Items from a data source
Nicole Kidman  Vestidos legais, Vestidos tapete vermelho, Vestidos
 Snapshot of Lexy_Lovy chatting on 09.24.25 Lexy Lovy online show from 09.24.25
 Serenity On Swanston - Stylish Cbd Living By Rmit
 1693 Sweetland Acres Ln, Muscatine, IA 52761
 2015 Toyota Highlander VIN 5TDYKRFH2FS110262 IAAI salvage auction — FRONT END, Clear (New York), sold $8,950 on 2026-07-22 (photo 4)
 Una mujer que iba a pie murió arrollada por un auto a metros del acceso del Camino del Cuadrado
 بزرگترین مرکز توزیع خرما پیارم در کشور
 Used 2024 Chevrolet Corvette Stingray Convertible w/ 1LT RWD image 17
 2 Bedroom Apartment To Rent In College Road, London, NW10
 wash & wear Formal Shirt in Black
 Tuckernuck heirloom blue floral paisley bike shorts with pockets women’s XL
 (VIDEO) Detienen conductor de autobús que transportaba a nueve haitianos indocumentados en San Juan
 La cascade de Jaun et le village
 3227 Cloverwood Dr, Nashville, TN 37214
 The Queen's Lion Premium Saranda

• Requirement: Set down the records above once more, exactly as they stand.

• Task response:
Nicole Kidman  Vestidos legais, Vestidos tapete vermelho, Vestidos
 Snapshot of Lexy_Lovy chatting on 09.24.25 Lexy Lovy online show from 09.24.25
 Serenity On Swanston - Stylish Cbd Living By Rmit
 1693 Sweetland Acres Ln, Muscatine, IA 52761
 2015 Toyota Highlander VIN 5TDYKRFH2FS110262 IAAI salvage auction — FRONT END, Clear (New York), sold $8,950 on 2026-07-22 (photo 4)
 Una mujer que iba a pie murió arrollada por un auto a metros del acceso del Camino del Cuadrado
 بزرگترین مرکز توزیع خرما پیارم در کشور
 Used 2024 Chevrolet Corvette Stingray Convertible w/ 1LT RWD image 17
 2 Bedroom Apartment To Rent In College Road, London, NW10
 wash & wear Formal Shirt in Black
 Tuckernuck heirloom blue floral paisley bike shorts with pockets women’s XL
 (VIDEO) Detienen conductor de autobús que transportaba a nueve haitianos indocumentados en San Juan
 La cascade de Jaun et le village
 3227 Cloverwood Dr, Nashville, TN 37214
 The Queen's Lion Premium Saranda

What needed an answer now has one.